Earlier this morning, the world held its collective breath as reports emerged of an unprecedented Western airstrike on Syrian soil, as American, British and French forces came together to launch the attacks. It came as a direct consequence of chemical attacks on the town of Douma back on April 7, and threatens to exacerbate tensions between Russia and the West as Vladimir Putin promised swift retribution.

All three leaders of the Western powers carrying out these attacks each took their turn in the wake of the airstrikes to not only confirm they occurred, but also to condemn the use of chemical weapons in any shape or form. UK Prime Minister Theresa May admitted there was "no alternative path" while French president Emmanuel Macron tweeted that a "red line has been crossed" by Syrian leader Bashar al-Assad.

Somewhat curiously, however, beyond the official statement, US president Donald Trump had largely kept his counsel over the attacks. Prior to the airstrikes and in the wake of the chemical attacks last Saturday, Trump had been promising a retaliation on Twitter, calling Assad "a Gas Killing Animal".

But now, Trump has broken his silence, and made his first tweet since the airstrikes. Taking to his favoured social media sight earlier today, Donald Trump referred to the strikes as "perfectly executed", while also taking the time to congratulate America's allies and declaring "Mission accomplished" when it came to deterring chemical weapons.

In reply to this tweet, the much-maligned 45th President of the United States is under fire once more from the Twitter community, with many deciding to criticise the decision. "Looking to improve your poll numbers? You care little about Syrian people. Moron," said one, while another referred to an infamous speech by former President George W Bush,  following an attack on Iraq in May 2003.

US General Joseph Dunford said that the focus of the airstrikes were chemical weapons facilities located in the city of Homs as well as capital city Damascus, and it remains to be seen how these airstrikes will affect the production of these weapons. One expected effect, however, seems to be retaliation from the Russian government.

In a statement following the bombings, Russian Ambassador to the United States Anatoly Antonov promised in an official statement that preparations for "a pre-designed scenario" were already underway, and that by striking Syrian soil, the UK, France and America were being "insulting" to Vladimir Putin.

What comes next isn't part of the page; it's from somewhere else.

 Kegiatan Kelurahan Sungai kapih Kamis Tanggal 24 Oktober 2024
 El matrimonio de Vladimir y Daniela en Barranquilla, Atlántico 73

"A pre-designed scenario is being implemented. Again, we are being threatened. We warned that such actions will not be left without consequences. Insulting the President of Russia is unacceptable and inadmissible. The U.S. – the possessor of the biggest arsenal of chemical weapons – has no moral right to blame other countries."

In the wake of these attacks, Donald Trump seems in a confident and boisterous mood, but his mindset may not be one shared across the rest of the world. With Putin promising a response and tensions between America and Russia creeping towards Cold War levels, it's almost certain this won't be the end of the story when it comes to outside involvement in the Syrian conflict.